FERNANDO TADEU PEREZ
O acordo firmado na semana passada entre a Volkswagen do Brasil e os sindicatos de metalúrgicos do ABC e de Taubaté tem um grande denominador comum: a competência.
A competência dos sindicalistas, que exigiram sem transigir, defenderam sem brigar, negociaram sem sonhar; e a dos técnicos em relações trabalhistas da Volkswagen, que criaram uma equação matemática, uma engenharia financeira na qual se avança aqui, recua-se acolá e ninguém perde.
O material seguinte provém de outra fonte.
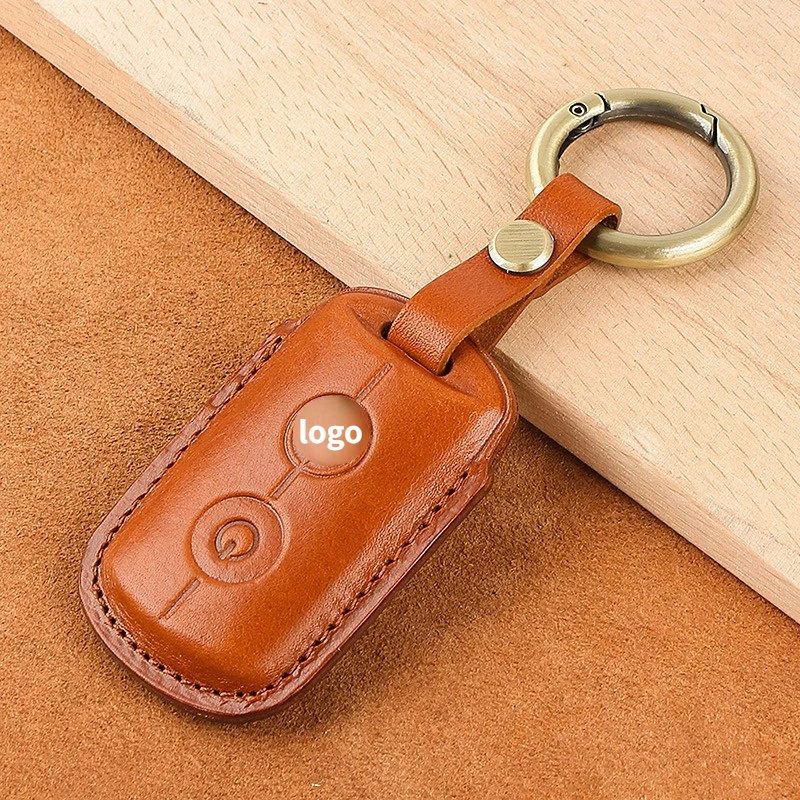 1 Pcs Leather Car Key Cover Case for Yamaha X-max 250 125 309 300 400 2020 2021 AEROX NVX155 QBIX JAUNS Key Case Cap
Frutos dessa competência foram a aprovação maciça dos trabalhadores em assembléia, a preservação de 7.500 empregos e o estabelecimento de uma política de parceria de longo prazo entre empresa e trabalhadores, em que todos têm consciência de que as modernas relações capital-trabalho não se limitam mais ao "ou dá ou desce". Hoje, sentam-se à mesa de negociação com posições maduras, vislumbrando não o dia seguinte nem o futuro imediato, mas o futuro de longo prazo.
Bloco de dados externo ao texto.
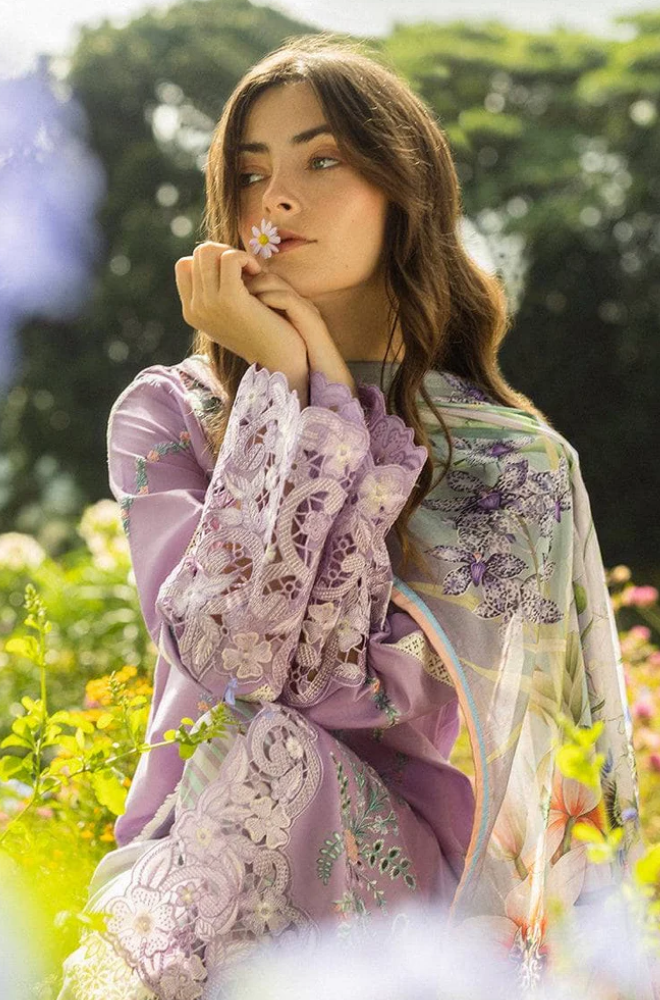 MUSHQ - Lawn Embroidered Suit -SSB0316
O acordo quebra um paradigma dentro das grandes empresas e dos grandes sindicatos. A redução do trabalho, acompanhada de uma redução de salário, sem prejuízo da renda mensal, é uma fórmula moderna, dos dias de hoje.Talvez não seja para os de amanhã, mas, seguramente, é a saída para os dias atuais.
A "vitória da competência" pode ser evidenciada pelo pagamento do INPC integral, pela manutenção do 13º salário e do abono de férias, pela antecipação das verbas referentes à participação nos lucros e resultados de um exercício (1999) que nem os grandes futurólogos sabem como será.
Ela está consubstanciada na adequação da jornada de trabalho às necessidades de produção, no equilíbrio da redução de custos com o fluxo de caixa, na percepção correta de que existe a necessidade de um "turnover", seja ele executado da forma que for.
O acordo traz embutida, ainda, uma radical mudança terminológica: pode-se considerar definitivamente banida a palavra "perda". No mundo das negociações modernas, ninguém mais perde. Perde quem não negocia, quem radicaliza, quem não sabe levantar os olhos além do nariz.
Chegaram a insinuar que o Estado estaria perdendo, deixando de recolher impostos sobre uma parcela salarial que não chega, em média, a 10%.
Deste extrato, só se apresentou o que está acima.